To see if there was any partisan tendency in CTCL’s pattern of giving to election boards in North Carolina, I looked at their list of grants to see how counties the CTCL funded voted in comparison with counties the CTCL did not fund. For my comparison, I used the total vote share of the two major-party candidates in the 2020 US Senate race.

While CTCL gave to both Democratic-leaning and Republican-leaning counties, the 33 counties given CTCL funds backed Democrat Cal Cunningham 52.7% to 47.3%, while the other 67 counties went for Republican Thom Tillis 53.6% to 46.4%. Regardless of whether the partisan bias in CTCL funding during the 2020 election in North Carolina was intentional, it existed.

The next logical step in the privatization of election funding would be for conservative groups to disproportionately fund Republican-leaning areas. That is an arms race we should avoid.

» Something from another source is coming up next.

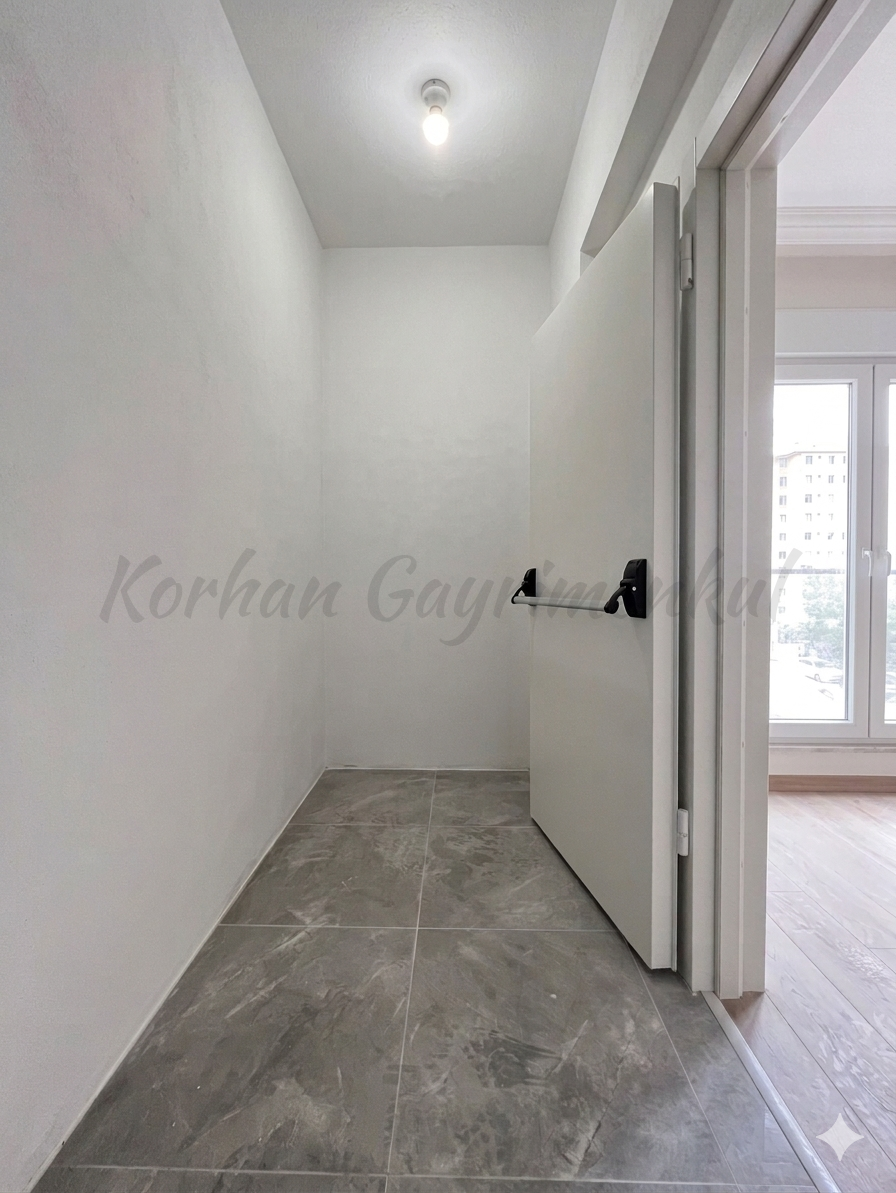 SUADİYE ŞAŞKINBAKKAL SINIRINDA 125m2 BRÜT 90m2 NET 3+1 BALKONLU EBEVEYNLİ SIFOR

Adjustments to absentee voting deadlines

SB 326 would also adjust the functional deadline for county boards to receive absentee ballots to election day at 5:00. The current deadline is three days after election day. I wrote on March 1 about why changing that functional deadline to election day would add clarity to the election process and help reassure voters about the integrity of absentee-by-mail voting. It would also put North Carolina in the norm regarding absentee ballot deadlines:

According to the nonpartisan National Conference of State Legislatures, 32 states, including all-mail states like Oregon and Colorado, require election officials to receive absentee ballots on or before election day. The change would also remove the problem of how to handle mail-in votes with no legible postmark on them.

An additional benefit of the adjustment in the absentee ballot return date is that it would decrease the number of ballots that are counted after election day, which would help clarify election winners sooner and potentially increase confidence that the ballot counting process was done fairly. It is an important consideration given that only 49% of North Carolina voters believe that the 2022 elections will be free and fair.

The deadline to request an absentee ballot would be increased from seven days before election day to fourteen days, in keeping with recommendations from the US Postal Service, to give voters plenty of time to request, receive, complete, and return their ballots.

Funds for voter IDs

The last item in the bill would be a one-time, $5 million appropriation to “establish a program to identify individuals in this State who need photo identification to vote in person.” The program would have a “mobile component” that would visit voters in need of an ID.

This item would be the latest in a series of concessions on voter ID since the General Assembly passed the voter ID law in December 2018. In April 2019, they weakened the verification process for student and government worker IDs and let university officials off the hook for that assuring that legal procedures were followed when issuing student IDs that could be used for voting.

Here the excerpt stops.